Here are some excerpts from his summary of its dangers, with commentary by me:
The first downside of nationalism is that it increases centralized state power. In nationalism, the state representing a nation (known as a nation-state) is the only organization that counts because it represents the entire nation. Individualism is not important, individual rights don't matter, and a nation's government does and should determine everything regardless of the desires of dissenters….
Nationalism movements do indeed have a long history suppressing dissent and undermining liberal democracy. The ethnic and cultural homogeneity nationalists seek is usually impossible to achieve without it.
The second effect of nationalism is that it tends to concentrate state power in a single person, the leader. Nationalists often conflate the nation with that of an individual political leader who is a nationalist, frequently a strong man, sometimes a dictator, and other times a king, probably because the nation is just an abstraction that requires a totem of some kind to be real in the minds of men….

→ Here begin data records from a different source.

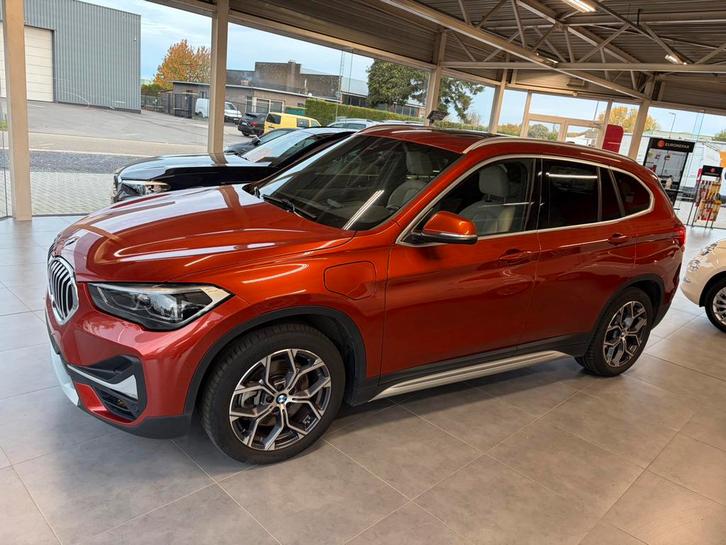 BMW X1 xDrive25e 1.5i Plug-in Hybride 125pk, Autos, BMW, Entreprise, Achat, X1, ABS, Phares directionnels, Régulateur de distance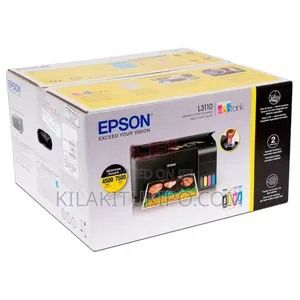 Epson Ecotank L3110
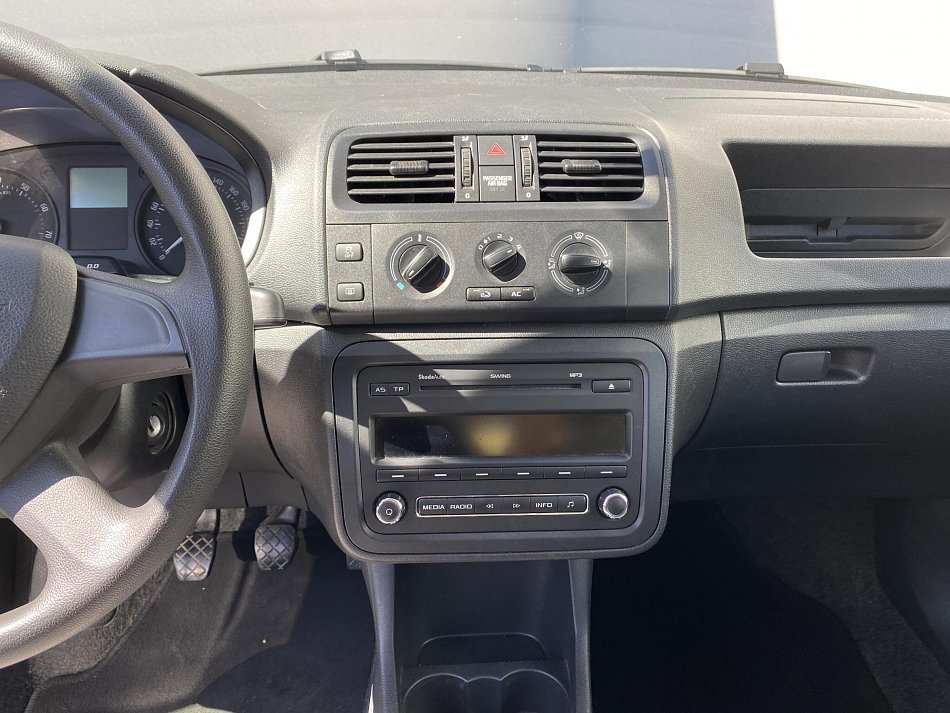 Škoda Fabia II 1.2 TSi Cool Edition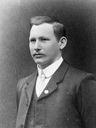 Record image of Tømmermester Nils Hansen Ström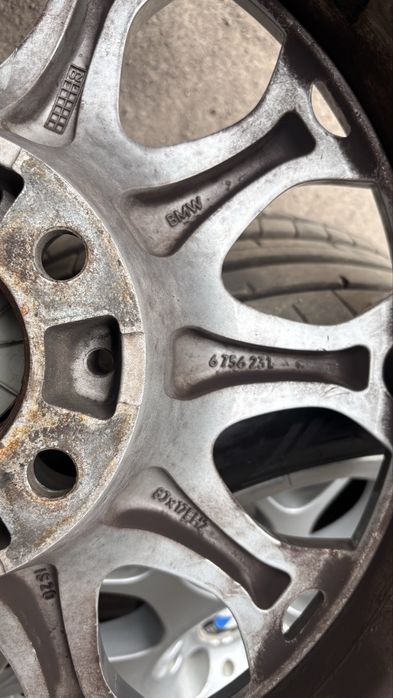 17 джанти за BMW/ БМВ style 80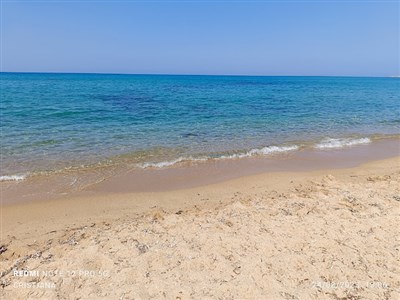 Mobilní domky kemp Baia Paradiso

Nationalism isn't the only political ideology that tends to promote strongmen. But it has a particularly powerful tendency towards leader-worship. Recall such figures as Hitler, Mussolini, and Franco. In our own day, we have examples like Putin, Erdogan, and Xi Jinping, among others. Even nationalist movements in liberal-democratic nations have a tendency to this. Consider, for example, the worship of Donald Trump by his core supporters, which exceeds that of any other modern US president. The kinds of people who become nationalist strongmen tend to be unscrupulous, ruthless and cruel. Thus not does nationalism concentrate power. It often does so in worst possible hands.
The third common effect of nationalism is more state control over the economy. After all, the nation knows best and its government will do whatever it thinks is in the national interest (or, more accurately, whatever is in the best interests of nationalist politicians). It's no mistake that National Conservatives, as they call themselves today in the United States, favor industrial policy, protectionism, high taxes, closed borders, pro-union policies, a large welfare state, praise the New Deal, and desire more state control over the economy. Increasing state control over the economy is partly ideological and partly just a byproduct of the increasingly centralized state that nationalists demand.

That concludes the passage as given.